Tetap Menulis

Kalau kamu penulis, tetaplah menulis.

Jangan tunggu dunia bersorak, sebab seringkali tepuk tangan yang paling jujur datang dari ruang-ruang sunyi yang tak pernah kamu datangi. Tulisanmu bukan sekadar kata—ia bisa jadi pelita bagi seseorang yang tak kau kenal, yang duduk sendirian di halte tua dengan hujan yang belum reda-reda. Ia membaca kalimatmu yang kau tulis dalam letih dan kopi dingin, lalu merasa sedikit lebih kuat dari patahnya.

Teman-temanmu mungkin hanya menekan like tanpa membaca, atau membaca tanpa benar-benar mengerti. Tapi di ujung kota, ada seseorang yang tak sengaja menemukan bukumu di rak obral perpustakaan tua. Ia sedang patah, sedang kalah, sedang tidak tahu kepada siapa harus bercerita. Lalu ia membaca satu kalimatmu dan berhenti menangis. Bukan karena semua menjadi baik, tapi karena ia tak merasa sendirian lagi.

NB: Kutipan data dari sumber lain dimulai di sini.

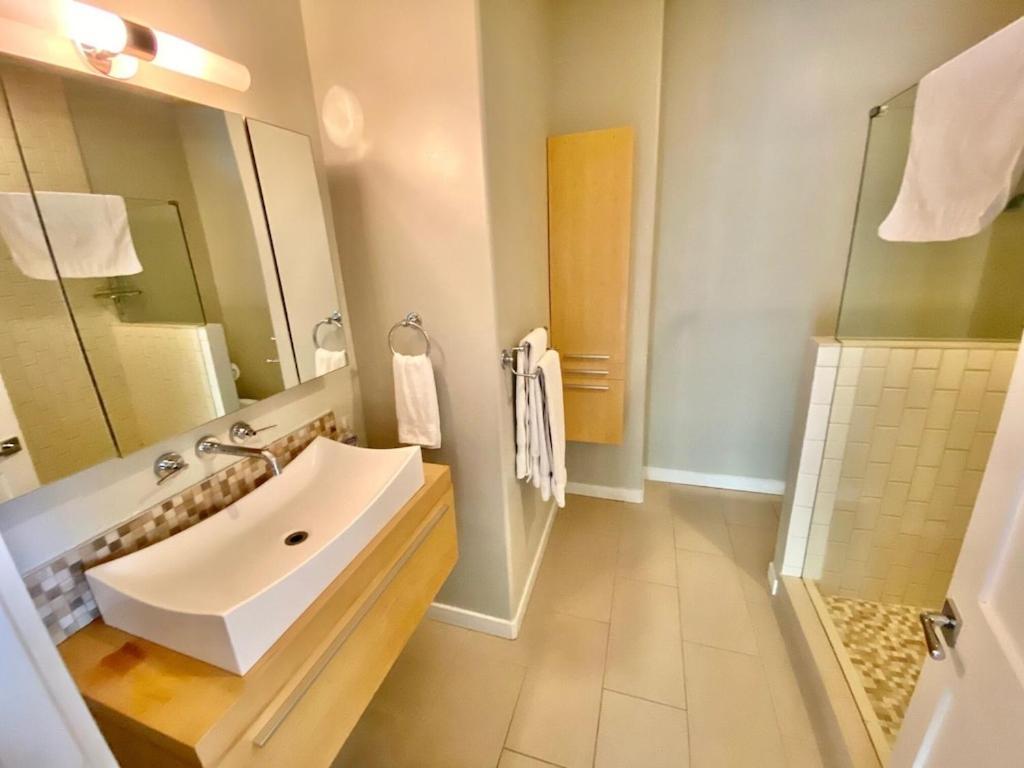 Modern 6 Bedroom Retreat, Stunning Lake Views, Close To Village! Лейк-Эрроухед Экстерьер фото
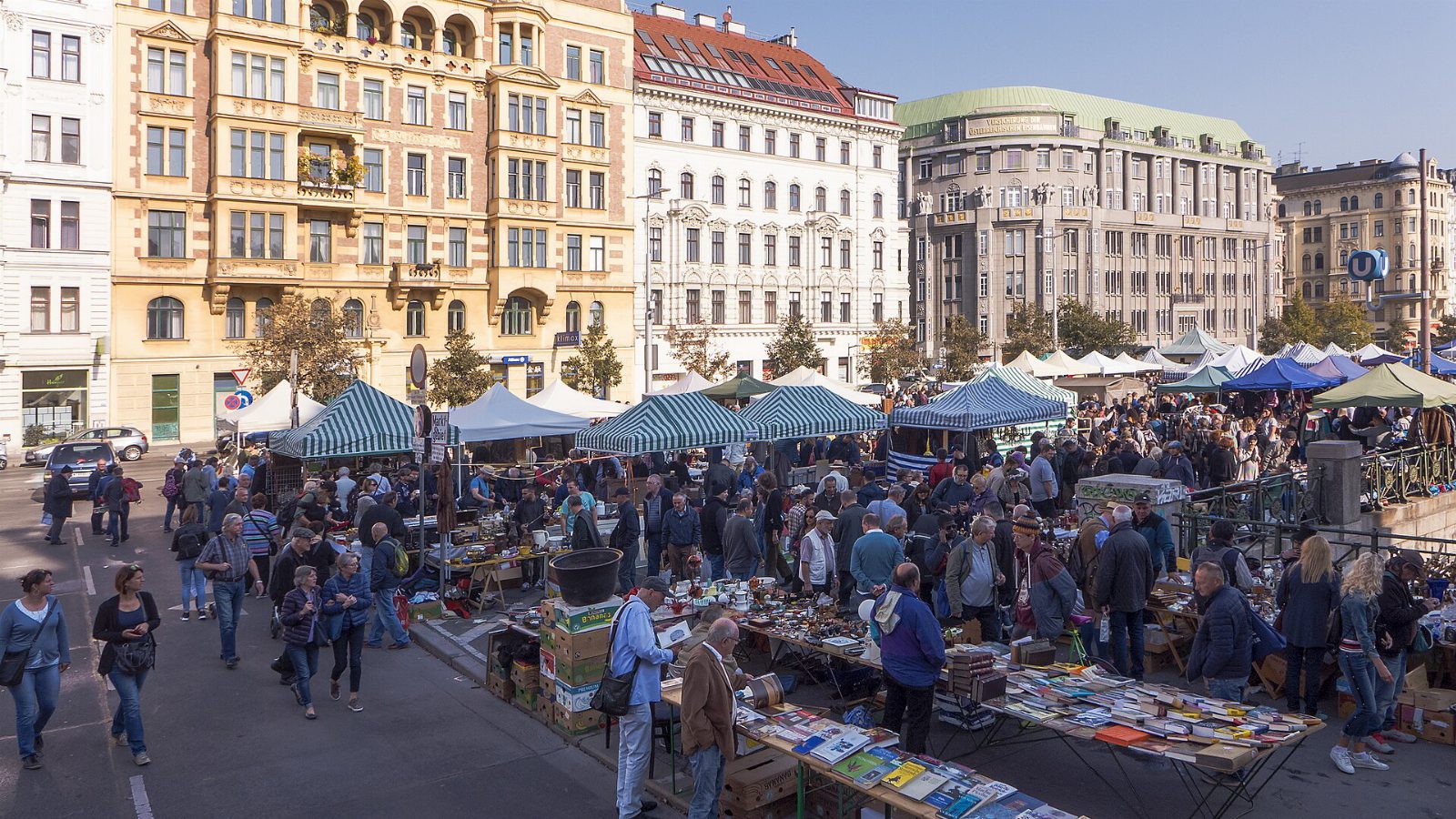 Symbolbild: Stände mit Trödel und Gebrauchtwaren auf einem Flohmarkt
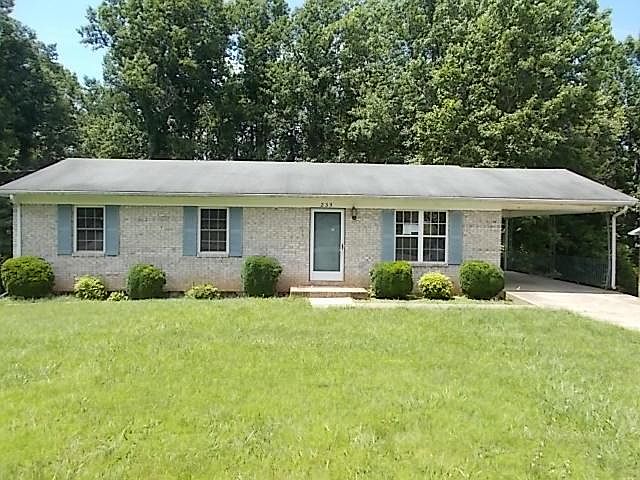 1st image of 235 Willow Ct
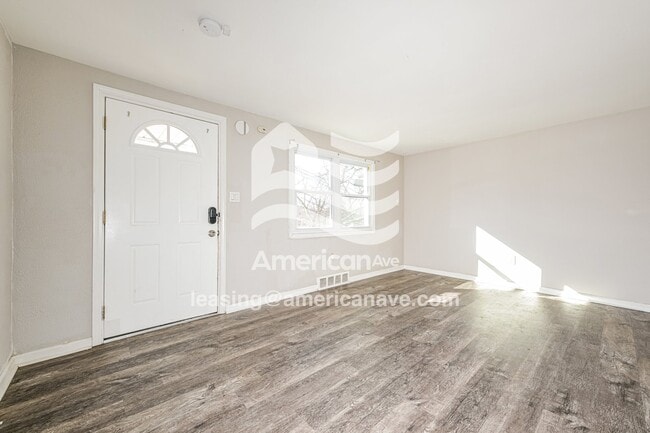 Building Photo - 401 Johnston Rd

Kamu menulis untuk mereka.

Bukan untuk kemegahan panggung, bukan untuk sorak komentar yang cepat hilang. Tapi untuk jiwa-jiwa yang berkabut, yang tersesat dan menemukan jalan pulang dari satu kalimat yang kamu tulis saat hampir menyerah.

Jadi kalau kamu penulis, tetaplah menulis. Kadang yang kamu selamatkan bukan dunia, bukan dirimu sendiri—melainkan seseorang yang tak kau kenal, yang sedang duduk diam di perpustakaan sunyi, dan mengira hidupnya telah usai… sampai membaca kalimatmu, dan bertahan satu hari lagi.